In my daily reading of blogs I enjoy I came across a post by Lee Zeltzer describing his battle with La Aduana, Panamanian Customs in order to drive his car from Panama to Costa Rica to attend a seminar.
In France, where I was captain of a foreign- (U.S.) flagged sailboat we had “La Douane.” Pronounced like the Spanish word but without the beginning and ending “A”s. I’ll never forget the first of many trips to La Douane.
I had been sent to Antibes, France, on the Riviera, back in 1989 to take over for a French captain whose sole purpose, it seemed, was to live aboard and cash the owner’s checks while doing as little as possible in return. In France all foreign-flagged vessels are issued something similar to their “carte de séjour” for individuals allowing them to be in the country, and it needed to be renewed from time to time. It was a piece of paper work largely overlooked by most boats in the country that literally invented the phrase “bureaucracy.”
I knew that our “séjour” had lapsed prior to my arrival but I did nothing to remedy the situation. About a year into my three-year stay I read, in a newspaper for the boating world, that a large yacht in nearby Villefranche had been hit with a six-figure (US) fine for not having that cherished piece of paper. I decided it was time for me to correct the error and took the boat’s papers off to La Douane.
I was shown into the office of the person who soon came to be known as “The Douane Lady.” There, behind a precarious mountain of paperwork threatening to avalanche and engulf the office’s resident sat a woman who can only be described as the inspiration for Jabba the Hut. When I started to speak in French she dismissively waved her hand, as the French are want to do, and told me to speak in English.
I explained that I was the newly arrived captain of a large sailboat and in going through the ship’s papers discovered that our séjour had lapsed and I wanted to correct the error.
“What’s the name of the boat?” she asked.
“Jolie Aire,” I said.
“Hmmmmmmmm,” she rumbled from deep inside her cavernous enormity. “Jolie Aire… Jolie Aire… Hmmmmmmmmmm.”
Then, after several moments of inert and contemplative deliberation, she raised her hand and with two fingers, each the size of a Polish sausage, delicately plucked a single sheet of paper from the pile.
“Ahhh, here it is,” she said.
I was stunned at this display only having seen something like it in a W. C. Fields movie once. But this was happening in real time before my eyes.

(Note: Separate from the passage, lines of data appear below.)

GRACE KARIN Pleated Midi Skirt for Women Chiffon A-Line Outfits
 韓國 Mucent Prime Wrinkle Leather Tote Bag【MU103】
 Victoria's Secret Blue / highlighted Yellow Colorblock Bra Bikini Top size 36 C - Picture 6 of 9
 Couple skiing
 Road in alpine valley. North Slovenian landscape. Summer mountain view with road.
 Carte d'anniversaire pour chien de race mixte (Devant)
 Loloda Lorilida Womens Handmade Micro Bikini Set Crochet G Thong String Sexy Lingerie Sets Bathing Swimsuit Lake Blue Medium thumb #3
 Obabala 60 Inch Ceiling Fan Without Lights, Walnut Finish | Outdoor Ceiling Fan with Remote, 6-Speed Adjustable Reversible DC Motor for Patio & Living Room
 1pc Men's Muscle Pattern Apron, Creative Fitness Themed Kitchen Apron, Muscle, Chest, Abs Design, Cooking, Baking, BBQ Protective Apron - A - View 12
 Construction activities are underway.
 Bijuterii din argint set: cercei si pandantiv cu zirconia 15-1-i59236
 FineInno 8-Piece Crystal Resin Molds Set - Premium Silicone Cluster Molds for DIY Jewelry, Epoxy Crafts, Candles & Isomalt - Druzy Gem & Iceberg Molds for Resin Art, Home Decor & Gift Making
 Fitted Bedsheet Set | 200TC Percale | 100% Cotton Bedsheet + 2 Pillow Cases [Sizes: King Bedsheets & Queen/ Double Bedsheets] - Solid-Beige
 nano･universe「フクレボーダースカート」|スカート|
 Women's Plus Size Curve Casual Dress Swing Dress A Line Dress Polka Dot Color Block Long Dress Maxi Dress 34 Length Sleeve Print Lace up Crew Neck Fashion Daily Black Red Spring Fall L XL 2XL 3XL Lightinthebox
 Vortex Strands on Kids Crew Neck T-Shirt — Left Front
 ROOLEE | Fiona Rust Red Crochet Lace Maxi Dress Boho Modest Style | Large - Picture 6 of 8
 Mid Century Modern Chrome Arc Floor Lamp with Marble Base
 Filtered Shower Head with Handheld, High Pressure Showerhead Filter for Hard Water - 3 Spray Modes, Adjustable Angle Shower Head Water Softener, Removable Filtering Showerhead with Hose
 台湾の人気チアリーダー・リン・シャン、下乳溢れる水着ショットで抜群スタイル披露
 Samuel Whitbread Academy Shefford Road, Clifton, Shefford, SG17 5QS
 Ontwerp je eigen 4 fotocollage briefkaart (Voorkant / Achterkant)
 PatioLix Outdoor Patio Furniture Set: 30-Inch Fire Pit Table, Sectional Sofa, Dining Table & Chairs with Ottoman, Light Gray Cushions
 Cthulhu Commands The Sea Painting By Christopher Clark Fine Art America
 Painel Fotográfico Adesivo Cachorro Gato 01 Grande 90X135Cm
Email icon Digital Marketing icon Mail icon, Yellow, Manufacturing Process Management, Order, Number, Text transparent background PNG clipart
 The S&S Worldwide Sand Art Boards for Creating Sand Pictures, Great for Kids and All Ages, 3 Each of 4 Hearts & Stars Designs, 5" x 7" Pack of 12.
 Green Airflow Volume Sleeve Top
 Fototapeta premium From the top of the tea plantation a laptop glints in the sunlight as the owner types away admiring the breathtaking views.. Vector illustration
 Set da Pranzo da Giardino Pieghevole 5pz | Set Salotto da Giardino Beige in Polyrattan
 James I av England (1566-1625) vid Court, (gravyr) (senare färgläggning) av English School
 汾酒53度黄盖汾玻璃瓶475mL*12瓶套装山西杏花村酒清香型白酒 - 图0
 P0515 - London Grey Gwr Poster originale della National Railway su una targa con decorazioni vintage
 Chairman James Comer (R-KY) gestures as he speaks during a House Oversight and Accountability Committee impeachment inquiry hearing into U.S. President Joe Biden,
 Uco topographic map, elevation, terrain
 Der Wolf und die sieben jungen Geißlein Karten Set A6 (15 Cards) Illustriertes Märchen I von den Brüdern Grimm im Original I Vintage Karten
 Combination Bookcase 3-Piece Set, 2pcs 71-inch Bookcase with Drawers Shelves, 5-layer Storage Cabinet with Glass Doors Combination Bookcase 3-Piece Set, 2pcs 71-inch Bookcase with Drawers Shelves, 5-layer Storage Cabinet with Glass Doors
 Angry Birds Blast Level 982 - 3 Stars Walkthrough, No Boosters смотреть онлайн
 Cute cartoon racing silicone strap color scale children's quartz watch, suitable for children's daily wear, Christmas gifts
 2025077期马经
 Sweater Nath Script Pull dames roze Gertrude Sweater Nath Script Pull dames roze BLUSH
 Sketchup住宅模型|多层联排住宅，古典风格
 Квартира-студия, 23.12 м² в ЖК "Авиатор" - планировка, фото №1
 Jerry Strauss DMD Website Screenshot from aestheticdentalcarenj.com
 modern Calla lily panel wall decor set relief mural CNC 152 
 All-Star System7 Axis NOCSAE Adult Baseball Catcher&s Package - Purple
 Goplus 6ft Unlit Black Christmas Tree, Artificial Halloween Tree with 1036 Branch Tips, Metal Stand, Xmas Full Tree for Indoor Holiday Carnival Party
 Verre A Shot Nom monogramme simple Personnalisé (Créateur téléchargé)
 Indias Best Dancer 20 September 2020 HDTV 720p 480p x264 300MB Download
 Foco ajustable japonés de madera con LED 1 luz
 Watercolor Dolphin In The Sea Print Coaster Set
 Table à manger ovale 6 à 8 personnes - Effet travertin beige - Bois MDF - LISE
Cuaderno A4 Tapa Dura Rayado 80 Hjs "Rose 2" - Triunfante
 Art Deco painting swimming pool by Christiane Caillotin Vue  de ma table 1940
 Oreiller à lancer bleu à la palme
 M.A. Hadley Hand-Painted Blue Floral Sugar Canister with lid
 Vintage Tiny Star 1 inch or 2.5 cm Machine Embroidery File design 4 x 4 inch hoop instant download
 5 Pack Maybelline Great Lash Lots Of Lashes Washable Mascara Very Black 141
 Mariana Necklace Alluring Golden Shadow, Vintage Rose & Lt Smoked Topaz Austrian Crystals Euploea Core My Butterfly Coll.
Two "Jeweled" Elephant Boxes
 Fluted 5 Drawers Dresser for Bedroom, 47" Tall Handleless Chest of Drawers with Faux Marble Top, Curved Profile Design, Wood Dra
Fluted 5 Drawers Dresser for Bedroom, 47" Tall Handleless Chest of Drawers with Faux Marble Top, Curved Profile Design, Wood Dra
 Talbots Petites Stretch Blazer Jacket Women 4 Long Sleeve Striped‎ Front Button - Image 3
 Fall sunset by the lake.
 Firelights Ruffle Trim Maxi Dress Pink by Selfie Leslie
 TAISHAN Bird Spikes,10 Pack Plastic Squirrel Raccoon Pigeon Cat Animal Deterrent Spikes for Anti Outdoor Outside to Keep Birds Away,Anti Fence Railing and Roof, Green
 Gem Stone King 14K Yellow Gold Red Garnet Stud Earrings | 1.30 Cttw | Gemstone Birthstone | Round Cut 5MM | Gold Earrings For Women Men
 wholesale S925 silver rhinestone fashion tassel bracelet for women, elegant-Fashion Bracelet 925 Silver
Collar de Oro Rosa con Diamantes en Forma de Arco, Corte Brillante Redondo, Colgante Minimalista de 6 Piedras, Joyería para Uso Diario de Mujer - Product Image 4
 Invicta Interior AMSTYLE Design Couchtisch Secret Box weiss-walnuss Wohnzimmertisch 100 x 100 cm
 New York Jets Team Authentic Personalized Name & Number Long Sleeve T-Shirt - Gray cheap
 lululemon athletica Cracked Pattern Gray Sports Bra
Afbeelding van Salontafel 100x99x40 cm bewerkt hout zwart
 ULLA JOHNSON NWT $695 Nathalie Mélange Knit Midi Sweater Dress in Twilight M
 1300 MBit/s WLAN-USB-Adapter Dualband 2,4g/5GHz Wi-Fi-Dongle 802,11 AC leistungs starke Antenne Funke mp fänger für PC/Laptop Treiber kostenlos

In another few minutes everything was ship shape again, and without penalty, to my relief, and I was on my way back to the boat.
I had to make several other visits to her office before we left the country to move the boat to Spain prior to our crossing of the big pond. She turned out to be very efficient and helpful each time, but one thing I knew for certain after our initial meeting…don’t EVER try and pull anything over on the “Douane Lady.”
2 responses to “Dealing With La Duoane”
A wonderful story. It reminds me of dealing with the Liberian bureaucracy, with one tiny difference. They would contemplate for a while and then say, “Come back tomorrow”. Sigh.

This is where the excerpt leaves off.